Summit County Sheriff’s Office leery of bill that would allow drivers to go through red lights | ParkRecord.com

Summit County Sheriff’s Office leery of bill that would allow drivers to go through red lights

(Tanzi Propst/Park Record)

Summit County law enforcement officials are cautiously watching a new bill in the Utah Legislature that would allow drivers to run red lights if there is no other traffic around.

The bill, H.B. 151, would allow drivers to go through an intersection after coming to a complete stop for at least 90 seconds if there are no other vehicles approaching.

Lt.
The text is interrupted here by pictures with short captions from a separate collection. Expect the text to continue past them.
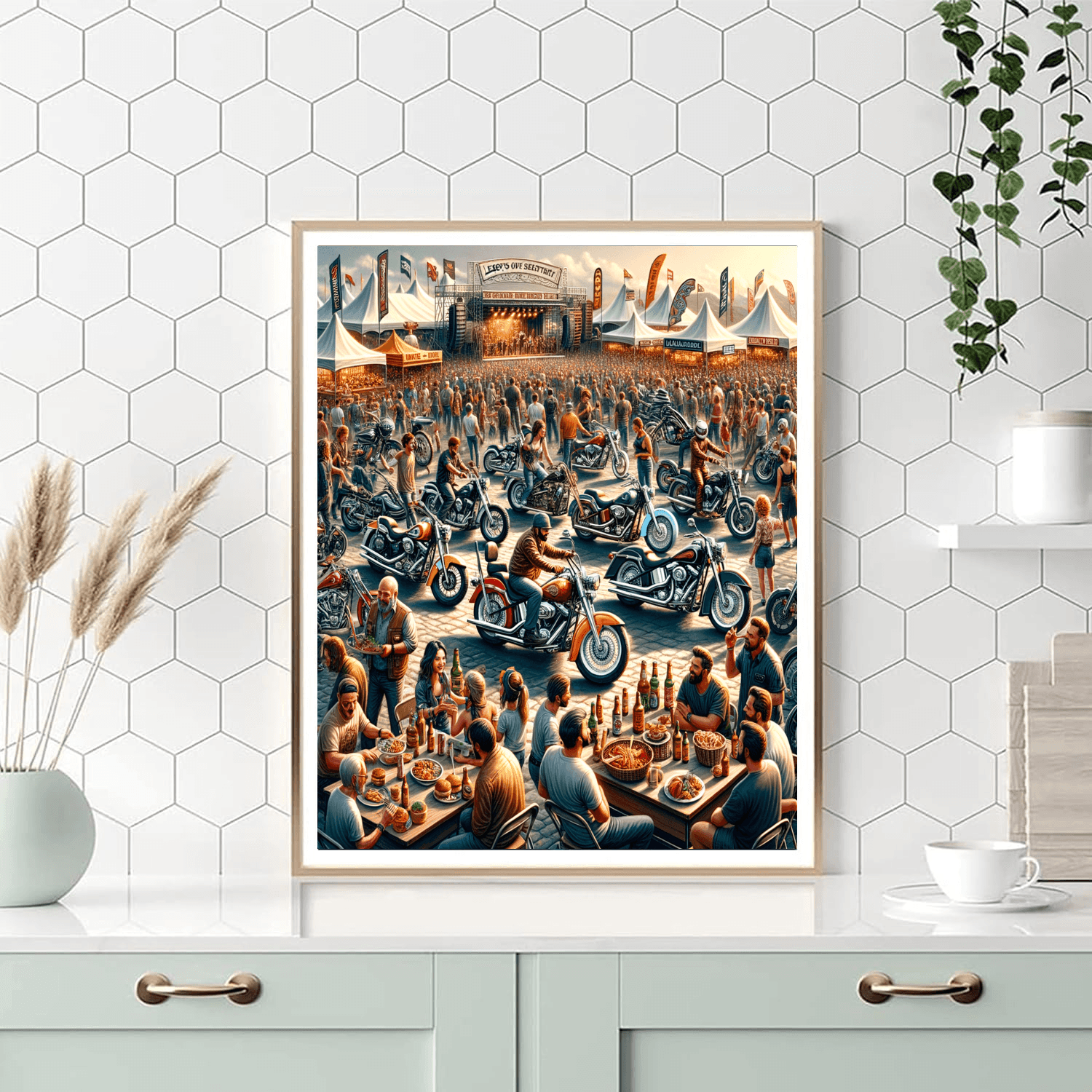 Harley-davidson Homecoming Festival - Usa Painting By Numbers Kit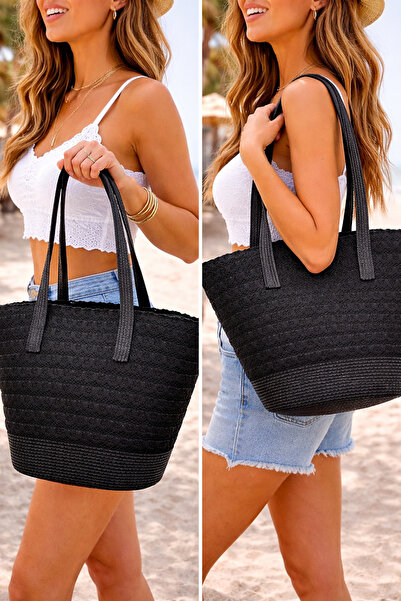 ZERAMİNE Black Women's Straw Beach Bag Summer Woven Tote Daily Use Stylish an...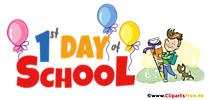 1. Tag in der Schule Clipart, Bild, Grafik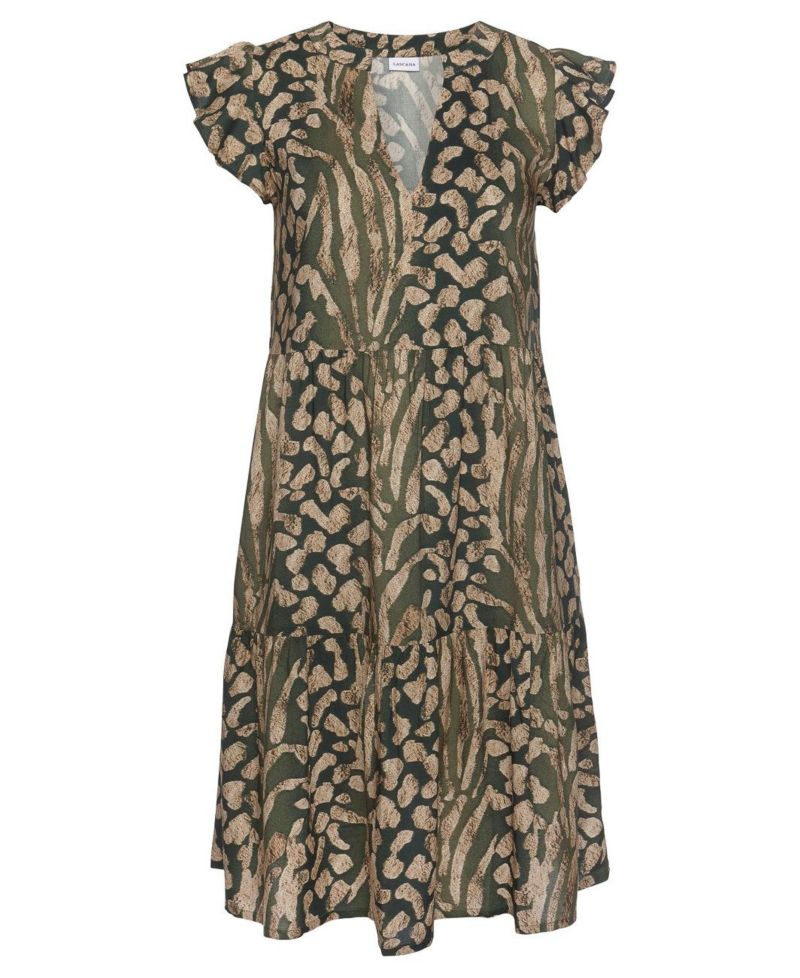 Women's Viscose Animal Print Tiered Ruffle-Trim Notch-Neck Short Dress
Andrew Wright, of the Summit County Sheriff's Office, said the agency is concerned with the bill. Wright sits on the Summit County Legislative Committee.

"I've heard people talk about it in general conversation that it doesn't make sense to wait three minutes when you are the only vehicle on the roadway," he said. "But, I really think there are other ways of addressing people sitting at a stoplight for a couple minutes at 2 a.m."

The measure would only allow people to run red lights in situations where they are waiting at an intersection on roads where the speed limit is 55 mph or lower. But, Wright said several other factors should be taken into consideration, such as speeding and impairment.

Wright said drivers in Summit County often exceed the speed limit by 10 or even 15 mph, especially on S.R. 224, where the posted speed limit is 55 mph along certain stretches of the road. He said the possibility of impaired drivers utilizing the option to run red lights is also worrisome.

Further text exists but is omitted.